_WHAT YOU SHOULD DO_: Transcribe the stretch of entries below from the line with "Vanity Fair M" through the line with "Mesa de Jantar", exactly and with both ends included; leave out all other lines.

_DATASET CONTENT_:
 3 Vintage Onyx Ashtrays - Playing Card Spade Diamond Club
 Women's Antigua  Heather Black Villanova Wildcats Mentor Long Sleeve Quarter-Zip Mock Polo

...

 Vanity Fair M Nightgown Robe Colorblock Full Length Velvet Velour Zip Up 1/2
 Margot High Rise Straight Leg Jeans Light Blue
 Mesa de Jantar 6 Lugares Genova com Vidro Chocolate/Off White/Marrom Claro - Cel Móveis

_RESULT_:
 Vanity Fair M Nightgown Robe Colorblock Full Length Velvet Velour Zip Up 1/2
 Margot High Rise Straight Leg Jeans Light Blue
 Mesa de Jantar 6 Lugares Genova com Vidro Chocolate/Off White/Marrom Claro - Cel Móveis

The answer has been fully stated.